§ **Your goal**:
Please reproduce all of the data exactly as it appears, but skip the pictures.

§ **Dataset content**:
══════════════════════════════

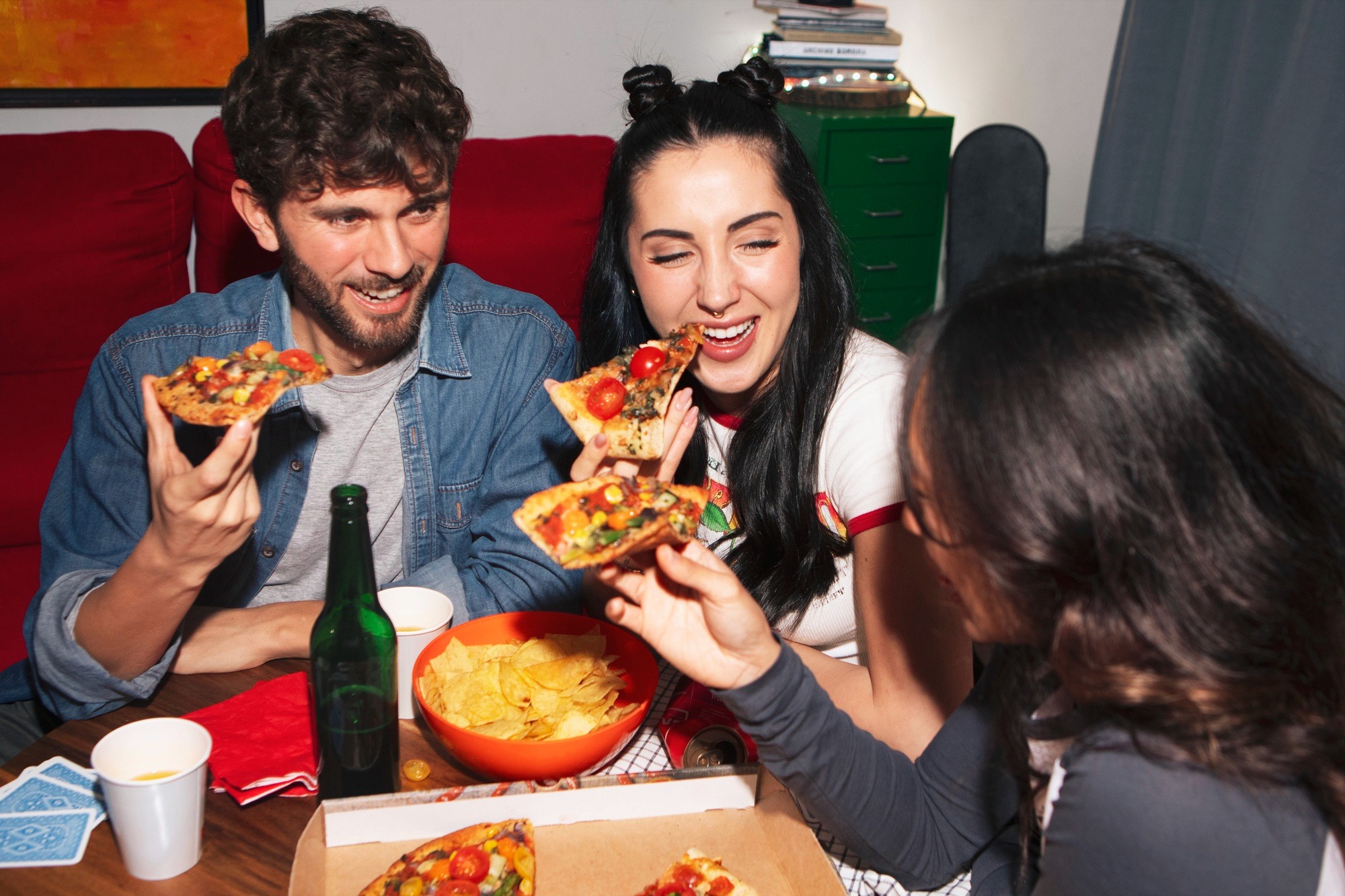 Three smiling friends sitting around a table, laughing and eating slices of pizza together.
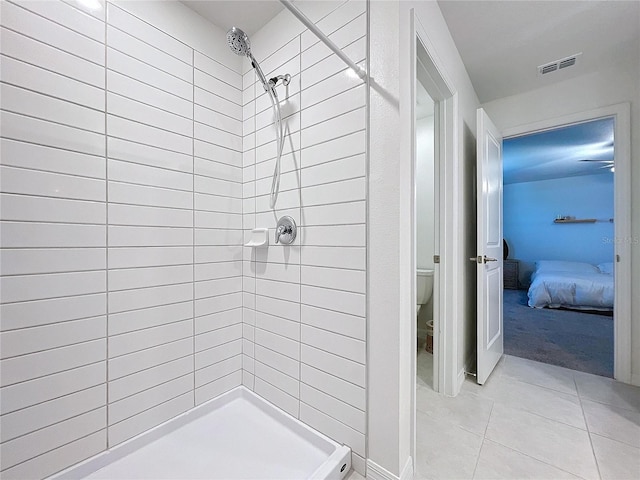 bathroom featuring toilet, a tile shower, and tile patterned floors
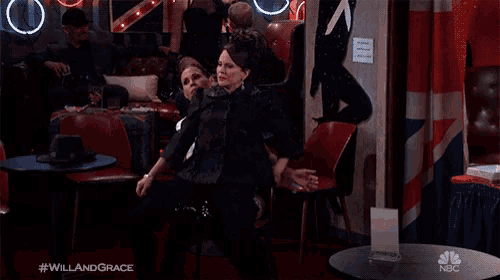 a woman is sitting in a chair with her arms outstretched in front of a table with a nbc logo on it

══════════════════════════════

§ **Solution for this exercise**:
 Three smiling friends sitting around a table, laughing and eating slices of pizza together.
 bathroom featuring toilet, a tile shower, and tile patterned floors
 a woman is sitting in a chair with her arms outstretched in front of a table with a nbc logo on it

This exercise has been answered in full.